Tesla Motors: ‘Not a Fair Fight’

Credit Suisse analysts Daniel Galves and Shreyas Patil think Tesla (TSLA) has an advantage when competing with traditional automakers:

AP

Electric vehicles are inherently better than Internal Combustion (ICE) vehicles. We believe that there are many inherent advantages to Electric Vehicles, and the success of the Model S (Tesla’s first fully-developed vehicle) goes a long way to proving that. The company has many competitive advantages in this technology that will be difficult for the traditional automakers to close, particularly as the industry’s focus must remain on hitting very challenging fuel economy regulations. If Tesla can get to cost-parity with internal combustion vehicles and still offer $1,400-$2,500 per year fuel savings to the consumer, it won’t be a fair fight.

We believe Model S / X base battery costs can come down to $10k- $11k range (from $16.5k today) and the upcoming Model 3 battery could be in the $7,500 range. At that point, Tesla is in range of cost parity to internal combustion vehicles.

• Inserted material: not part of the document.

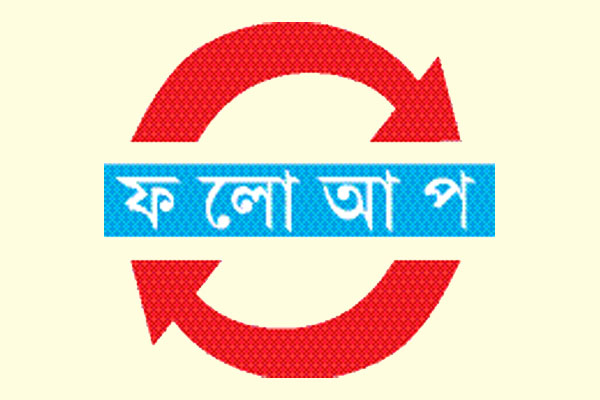সেই এসআই কারাগারে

Valuation is not as strange as it seems. We initiate with Outperform and a $325 price target that implies a 20x multiple on late-decade EPS estimate of ~$25, discounted back 3 years (volume under this scenario implies 0.5% of global auto market). As success of Model X and Model 3 become more clear, investors will begin to ascribe potential for Tesla to go into the true mainstream market which would increase addressable market by 3x-4x. Ability to capture dealer margin and to charge a significant premium to ICE vehicles (due to the fuel savings) supports margins
significantly above traditional automakers.